[Opening SUPPLIED RECORDS section]
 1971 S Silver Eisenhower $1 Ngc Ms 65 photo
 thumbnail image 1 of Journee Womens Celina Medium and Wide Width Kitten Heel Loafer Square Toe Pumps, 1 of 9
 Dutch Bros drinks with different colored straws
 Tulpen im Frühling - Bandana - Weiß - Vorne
[Closing SUPPLIED RECORDS section]
[Opening SUPPLIED RECORDS section]
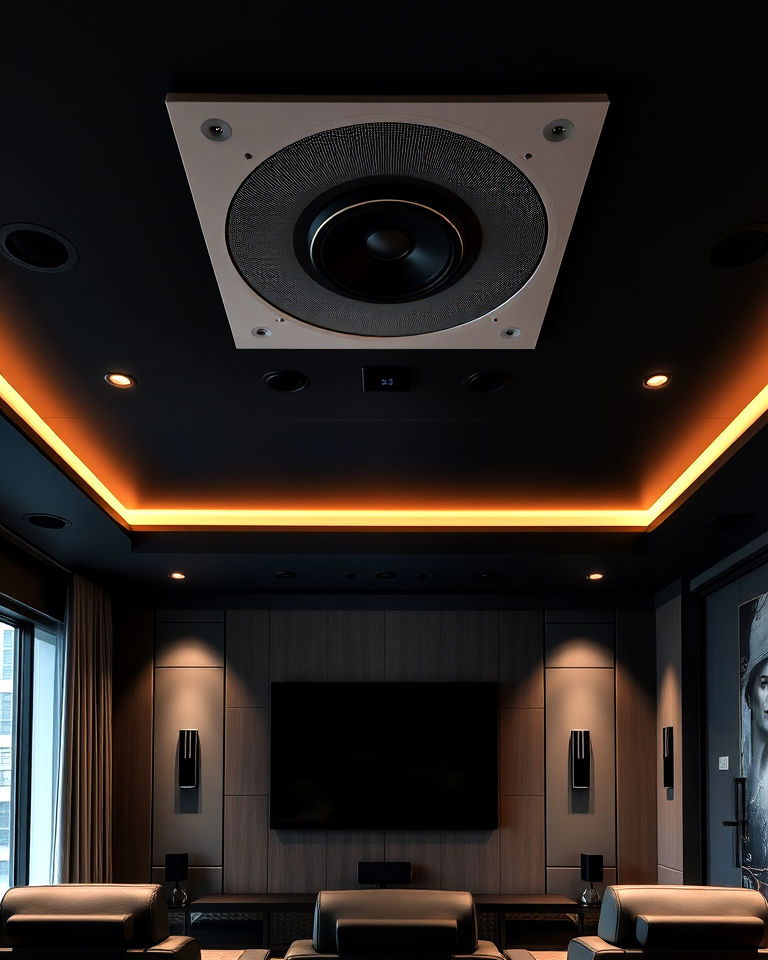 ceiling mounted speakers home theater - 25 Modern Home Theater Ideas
[Closing SUPPLIED RECORDS section]
EXERCISE BRIEF.
Using the entries shown above, reproduce verbatim the lines from the line bearing "thumbnail image 1" to the line bearing "Tulpen im Frühling - Bandana - Weiß - Vorne", inclusive.

TASK SOLUTION.
 thumbnail image 1 of Journee Womens Celina Medium and Wide Width Kitten Heel Loafer Square Toe Pumps, 1 of 9
 Dutch Bros drinks with different colored straws
 Tulpen im Frühling - Bandana - Weiß - Vorne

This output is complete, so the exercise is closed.